All of us want to provide attractive websites for our users. Of course, we’d like to think its not really the spider/fly kind of relationship! But we want to entice and draw people in and often we will see our own website as our key web presence; a place for people to come to to find out about who we are, what we have and what we do and to look at our wares, so to speak.

The recently released ‘Discovery’ vision is to provide UK researchers with “easy, flexible and ongoing access to content and services through a collaborative, aggregated and integrated resource discovery and delivery framework which is comprehensive, open and sustainable.”  Does this have any implications for the institutional or small-scale website, usually designed to provide access to the archives (or descriptions of archives) held at one particular location?

Over the years that I’ve been working in archives, announcements about new websites for searching the archives of a specific institution, or the outputs of a specific project have been commonplace.  A website is one of the obvious outputs from time-bound projects, where the aim is often to catalogue, digitise or exhibit certain groups of archives held in particular repositories. These websites are often great sources of in-depth information about archives. Institutional websites are particularly useful when a researcher really wants to gain a detailed understanding of what a particular repository holds.

However, such sites can present a view that is based more around the provider of the information rather than the receiver. It could be argued that a researcher is less likely to want to use the archives because they are held at a particular location, apart from for reasons of convenience, and more likely to want archives around their subject area, and it is likely that the archives which are relevant to them will be held in a whole range of archives, museums and libraries (and elsewhere). By only looking at the archives held at a particular location, even if that location is a specialist repository that represents the researcher’s key subject area, the researcher may not think about what they might be missing.

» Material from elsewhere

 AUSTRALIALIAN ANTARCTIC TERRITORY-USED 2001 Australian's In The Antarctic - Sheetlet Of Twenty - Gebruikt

Project-based websites may group together archives in ways that  benefit researchers more obviously, because they are often aggregating around a specific subject area. For example, making available the descriptions and links to digital archives around a research topic. Value may be added through rich metadata, community engagement and functionality aimed at a particular audience. Sometimes the downside here is the sustainability angle: projects necessarily have a limited life-span, and archives do not. They are ever-changing and growing and descriptions need to be updated all the time.

So, what is the answer? Is this too much of a silo-type approach, creating a large number of websites, each dedicated to a small selection of archives?

Broader aggregation seems like one obvious answer. It allows for descriptions of archives (or other resources) to be brought together so that researchers have the benefit of searching across collections, bringing together archives by subject, place, person or event, regardless of where they are held (although there is going to be some kind of limit here, even if it is at the national level).

You might say that the Archives Hub is likely to be in favour of aggregation! But it’s definitely not all pros and no cons. Aggregations may offer a powerful search functionality for intellectually bringing together archives based on a researcher’s interests, but in some ways there is a greater risk around what is omitted. When searching a website that represents one repository, a researcher is more likely to understand that other archives may exist that are relevant to them. Aggregations tend to promote themselves as comprehensive – if not explicitly then implicitly – which this creates expectation that cannot ever fully be met. They can also raise issues around measuring impact and around licensing. There is also the risk of a proliferation of aggregation services, further confusing the resource discovery landscape.

Is the ideal of broad inter-disciplinary cross-searching going to be impeded if we compete to create different aggregations? Yes, maybe it will be to some extent, but I think that it is an inevitability, and it is valid for different gateways to service different audiences’ needs. It is important to acknowledge that researchers in different disciplines and at different levels have their own needs, their own specific requirements, and we cannot fulfill all of these needs by only presenting data in one  way.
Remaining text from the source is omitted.